Education is not measured by the kind of school, nor the uniforms I’ve worn not even the amount of allowance my parents gave me for a day. I could have the taste of a branded education but if I did, I may not be the one that I am today.

Indeed my life in the state university is done; a book has come to a close but the things I am thankful for is endless.

I am a brainchild of the state university and regardless of the name of my school, I shall forever be proud of it.

The thought of delivering this as a speech in a formal event such as a graduation ceremony didn't really cross my mind back then. But when I came across this entry months ago, I must admit that a part of my heart ached.

This never made it to the column of the broadsheet where I hoped and intended to see it. Nor did I get
 the chance to deliver this speech in a formal event; because when I received the invitation to be the guest speaker in a college recognition ceremony months after I turned 30, this piece was left forgotten. Instead, I found myself drafting a different speech inside a cramped S&R outlet near my then workplace and delivered it in front of an audience of 600 people sans the kodigo. 
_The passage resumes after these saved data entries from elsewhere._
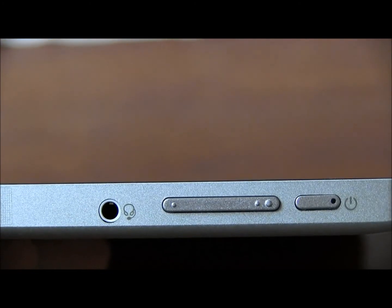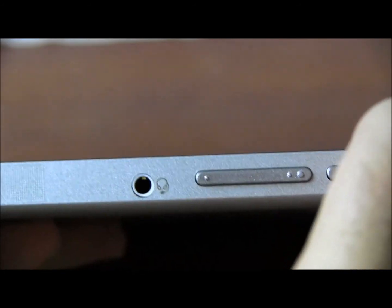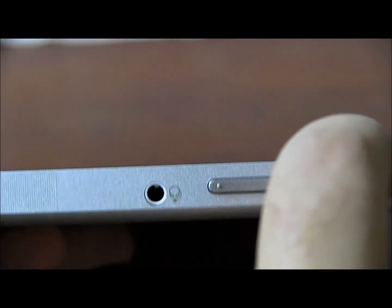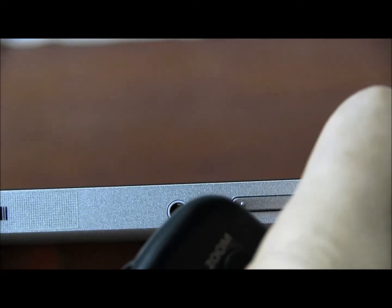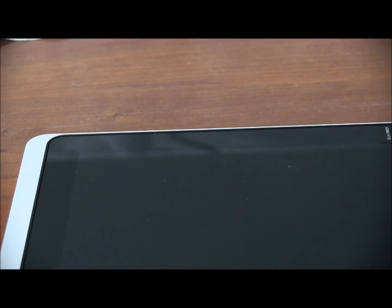One of the issues we have is the power button. This right here gets stuck for some reason and I have to use some sort of pressure on the other side to get it out. It's not a deal breaker per se because the tablet works fine, but when you have buttons fail after just a couple of weeks — and we're not heavy users, we just test them — that's an issue to be concerned about.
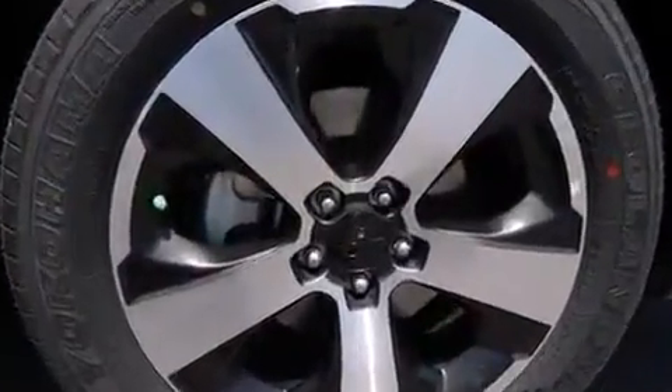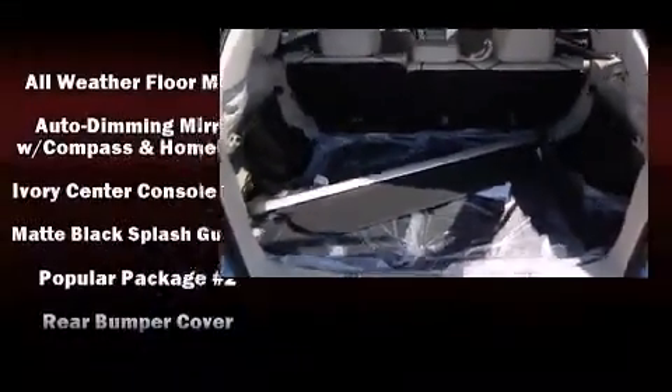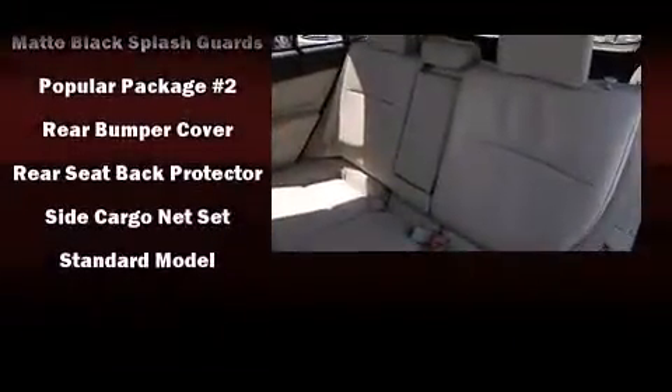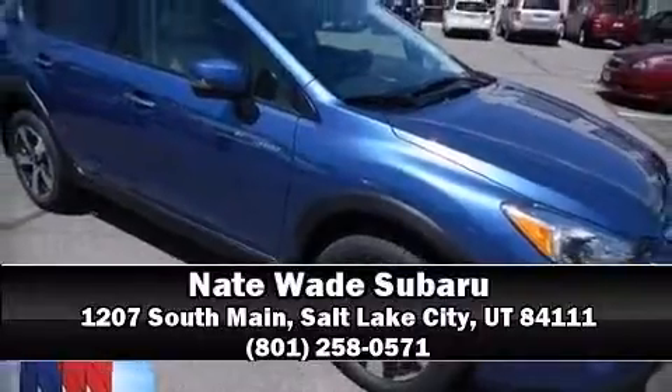Features such as automatic climate control and leather upholstery prove that economical transportation does not need to be sparsely equipped. In the event of a rollover collision, side-curtain airbags provide additional protection for outboard seated passengers. Stop by our dealership or give us a call for more information.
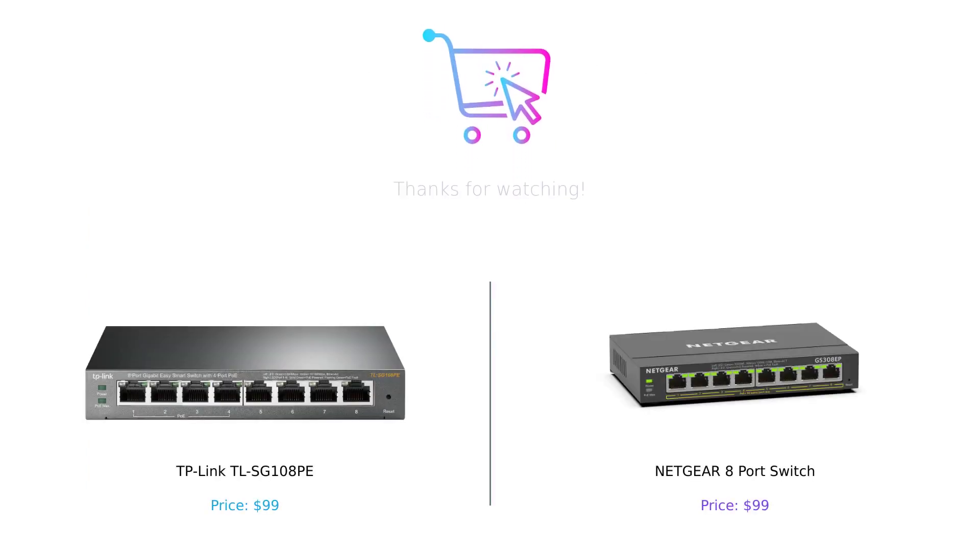That concludes our comparison of these two fantastic networking products. Both the TP-Link TLSG108Pay and the Netgear 8 port switch have their own unique strengths and features. Make sure to check out the links in the description below to get more information about these products and make an informed decision based on your specific needs. If you found this video helpful, don't forget to give it a thumbs up, comment below with your thoughts, and subscribe to our channel for more tech reviews. Thank you so much for watching and we'll see you in the next video.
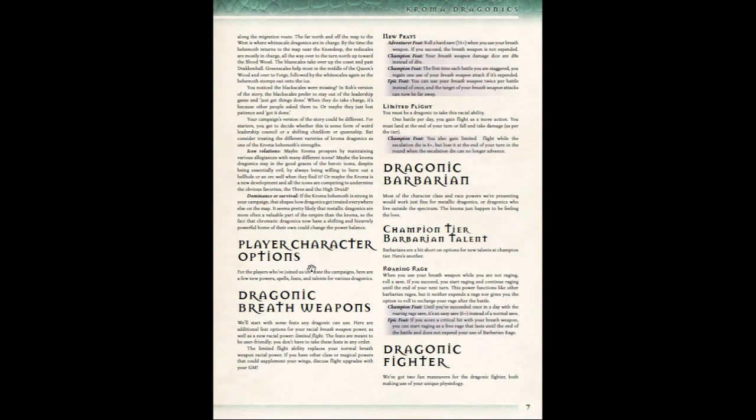Along with all this lore, story, and origin myths, there are also some new player options, which is quite nice. Since Draconics are an optional race in the core 13th Age book, this PDF has added a Breath Weapon — what would a Dragonic slash Dragonborn be without its very popular Breath Weapon? They've added some feats you can take with it, and also a new limited flight racial power. If you are playing a Draconic Barbarian, you have a new champion tier Barbarian talent called Roaring Rage, and there are a couple of ways to upgrade it with feats.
I retained this post together with the other entries that I wrote for my very first blog after setting it in private mode. Maybe, the said essay is meant to exist for a different purpose. At least, in this day and age of almost all things going digital, (including the way of learning and acquiring education) this  will serve as my core memory of how things are like traditionally -- especially now that I am approaching another era in life.